• Information supplied:
- - - - - - -
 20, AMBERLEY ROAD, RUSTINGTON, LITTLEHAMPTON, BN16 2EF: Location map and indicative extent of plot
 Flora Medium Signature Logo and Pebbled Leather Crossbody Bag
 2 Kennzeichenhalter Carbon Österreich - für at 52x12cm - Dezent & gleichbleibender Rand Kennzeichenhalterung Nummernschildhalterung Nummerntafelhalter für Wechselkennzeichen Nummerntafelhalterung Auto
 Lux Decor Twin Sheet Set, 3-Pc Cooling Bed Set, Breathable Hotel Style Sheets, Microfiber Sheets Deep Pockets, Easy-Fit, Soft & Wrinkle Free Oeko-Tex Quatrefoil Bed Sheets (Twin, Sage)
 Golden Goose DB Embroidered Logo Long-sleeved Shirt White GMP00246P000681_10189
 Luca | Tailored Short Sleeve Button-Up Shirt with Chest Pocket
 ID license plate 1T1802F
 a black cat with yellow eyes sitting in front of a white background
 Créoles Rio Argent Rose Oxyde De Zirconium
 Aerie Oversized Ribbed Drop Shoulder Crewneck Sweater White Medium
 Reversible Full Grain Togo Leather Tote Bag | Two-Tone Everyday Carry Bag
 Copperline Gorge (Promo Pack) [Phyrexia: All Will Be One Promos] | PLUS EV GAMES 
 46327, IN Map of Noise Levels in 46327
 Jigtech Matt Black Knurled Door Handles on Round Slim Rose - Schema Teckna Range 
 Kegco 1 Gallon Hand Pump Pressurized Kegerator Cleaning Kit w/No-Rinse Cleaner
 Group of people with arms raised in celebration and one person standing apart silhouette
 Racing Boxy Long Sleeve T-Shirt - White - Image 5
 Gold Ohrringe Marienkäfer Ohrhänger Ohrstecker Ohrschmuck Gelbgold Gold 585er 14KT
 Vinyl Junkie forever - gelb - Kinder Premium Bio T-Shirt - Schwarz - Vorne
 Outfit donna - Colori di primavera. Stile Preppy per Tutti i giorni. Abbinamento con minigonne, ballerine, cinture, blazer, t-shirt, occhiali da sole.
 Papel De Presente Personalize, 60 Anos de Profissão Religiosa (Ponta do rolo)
- - - - - - -
• The problem: Go over the records above line by line and count those holding the word "Rose". Reply only with the number.

• Finished task: 2